Question 4 – Mole questions

(a) Mass of oxygen \(= 24.87 – 15.00 = 9.87 \ g\) (2 decimal places.) (Note: decimal places are used to determine the number of digits given for values determined by subtraction and addition. Read our article on significant figures for more information)

(b) The product contains \(Mg\) and \(O\).
\(n(Mg) = \frac{15.00}{24.31} = 0.617 \ mol\).
\(n(O2) = \frac{9.87}{16.00} = 0.617 \ mol\).
\(n(Mg):n(O) = 1:1\), therefore the empirical formula of the product is \(MgO\).

(c) \(MgO\) is an ionic compound which exists in a lattice structure and not as discrete molecules. Hence, its formula is the simplest ratio of its component elements and not a molecular formula.

Question 5 – Mole questions – percentage composition, empirical formula, molecular formula

(a) The empirical formula for a compound can be easily calculated by assuming that the sample has a mass of 100 g, meaning that the percentages of each element correspond to the mass of each element. For this question, this means that the compound would consist of 92.3 g of carbon and 7.7 g of hydrogen. From here, the number of moles of each component is calculated, and the simplest mole ratio determined:

\(n(C) = \frac{92.3}{12.01} = 7.68 \ mol\)
\(n(H) = \frac{7.7}{1.008} = 7.64 \ mol\).
\(n(C): n(H) = 1:1\).
Therefore, the empirical formula is \(CH\).
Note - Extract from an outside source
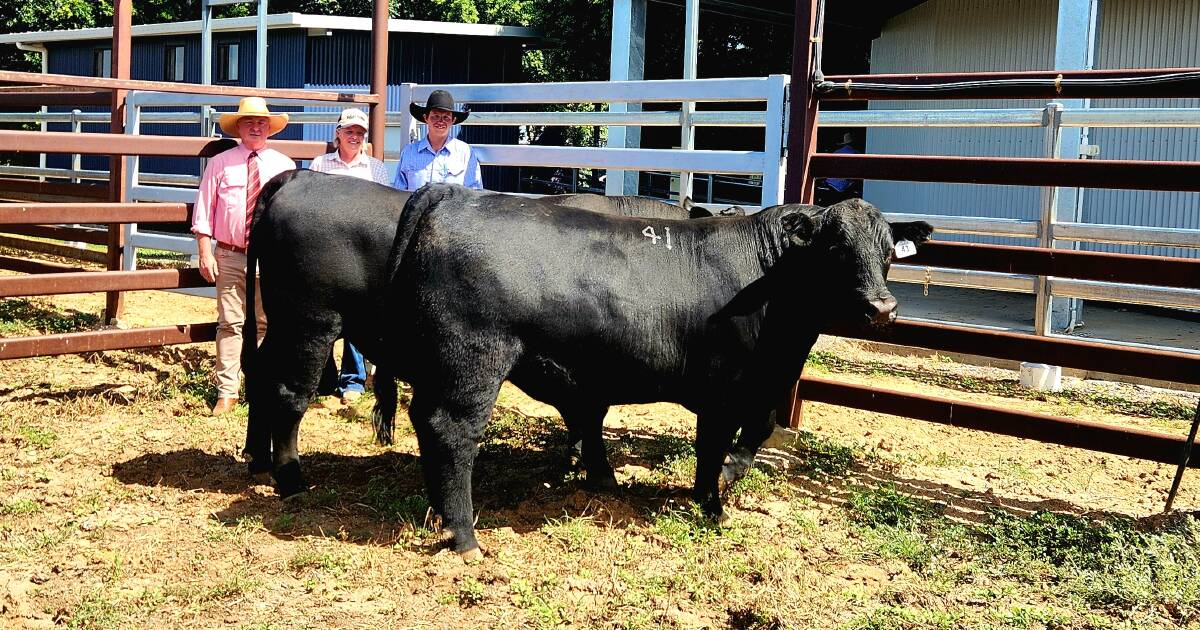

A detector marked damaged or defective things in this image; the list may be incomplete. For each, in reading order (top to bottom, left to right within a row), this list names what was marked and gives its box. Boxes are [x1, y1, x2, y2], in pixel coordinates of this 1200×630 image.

rusty metal rail [0, 324, 218, 357]
rusty metal rail [796, 374, 1200, 465]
(b) number of empirical formula units \((x) = \frac{\text{molar mass }(MM)}{\text{empirical formula mass}}  = \frac{78.11}{12.01+1.008} = 6\). Therefore, the formula is \((CH)_6 = C_6H_6\)

(c) \(C_6H_{6(l)} + Cl_{2(g)} → C_6H_5Cl_{(l)} + HCl_{(g)}.\)
\(n(C_6H_5Cl) = n(Cl_2) = 0.87 \ mol\)
\(m(C_6H_5Cl) = 0.87 \times ((6 \times 12.01) + (5 \times 1.008) + 35.45) = 97.9185 = 98 \ g \text{(2 sig figs)}\).
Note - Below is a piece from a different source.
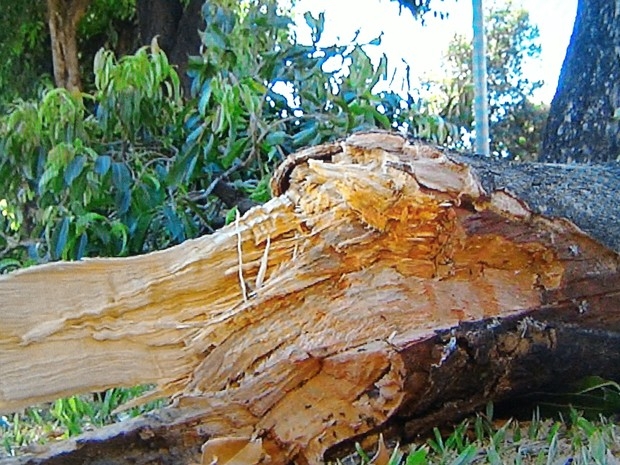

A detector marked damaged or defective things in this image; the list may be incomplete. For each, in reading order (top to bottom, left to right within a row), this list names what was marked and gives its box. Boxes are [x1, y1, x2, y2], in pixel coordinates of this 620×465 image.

splintered wood [1, 131, 620, 464]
Question 6 – Limiting reactants

Number of moles of \(NH_3\):

\(PV = nRT → n = \frac{PV}{RT} = \frac{(1.0 \times 20.0)}{(8.314 \times 723)} = 0.00332722122 \ mol\)
\(n(NH_3):n(N_2) = 2:1\), therefore \(n(N_2) = \frac{00332722122}{2} = 0.00166361061 \ mol\)
\(m = 0.00166361061 \times (14.01 \times 2) = 0.047 \ g \ \text{(2 sig figs)}\).

Question 7 – Limiting reactants

(a) \(CaCO_{3(s)} + 2HCl_{(aq)} → CaCl_{2(aq)} + CO_{2(g)} + H_2O_{(l)}\).

\(n(CaCO_3) = \frac{4.58}{(40.08 + 12.01 + (3 \times 16.00))} = 0.0457588 \ mol\)
\(n(HCl) = cV = 0.016 \times 1.0 = 0.016 \ mol\)

Therefore, the limiting reactant is \(HCl\).

\(n(HCl): n(CO_2) = 2:1\), so \(n(CO_2) = 0.0080 \ mol\).

The volume of gas can be found using the ideal gas law:

\(PV = nRT → V = \frac{nRT}{P} = (0.0080 \times 8.314 \times 298){100} = 0.19 \ L \ \text{(2 s.f.)}\).

(b) \(CaCO_3\) is in excess
\(CaCO_3 \text{ reacted} = 0.0080 \ mol\)
\(m(CaCO_3 \text{ reacted}) = 0.0080 \times (40.08 + 12.01 + (3 \times 16.00)) = 0.80072 \ g\).
Hence, unreacted \(CaCO_3 = 4.58 – 0.80072 = 3.8 \ g \text{(2 s.f.)}\)

Question 8 – Redox

(a) \(Cu^{2+}\) is the oxidant, \(Zn\) is the reductant

(b) \(Cl_2\) is the oxidant, \(Br^-\) is the reductant

(c) \(H^+\) is the oxidant, \(Ca\) is the reductant

(d) \(MnO^{-}_{4}\) is the oxidant, \(H_2C_2O_4\) is the reductant

Question 9 – Galvanic and cell potential

(a)

(b)
Oxidation: \(Zn_{(s)} → Zn^{2+} + 2e^-\)
Reduction: \(Cu^{2+} + 2e^- → Cu_{(s)}\)
Net ionic equation: \(Zn_{(s)} + Cu^{2+} → Zn^{2+} + Cu_{(s)}\)

(c) \(E_{\text{cell}} = 0.76 + 0.34 = 1.10 \ V\)

(d) The salt bridge completes the circuit and prevents the build-up of charge.

Question 10 – Rate of reactions

(a) \(2Al_{(s)} + 6HCl_{(aq)} → 2AlCl_{3(aq)} + 3H_{2(g)}\)

(b) The independent variable is the concentration of hydrochloric acid, and the dependent variable is the reaction rate.

(c) According to collision theory, the reaction rate is dependent on the frequency of effective collisions. An effective collision occurs when reactant molecules collide with sufficient energy (greater than or equal to the activation energy) and correct orientation. In this investigation, as the concentration of hydrochloric acid increases, the likelihood of an effective collision between hydrochloric acid and aluminium increases, thereby increasing the rate of reaction.

(d) As temperature increases, the kinetic energy of the particles also increases. As a result, reactant particles collide with a higher frequency and a higher average kinetic energy. Thus, the number of effective collisions increases, leading to an increased reaction rate.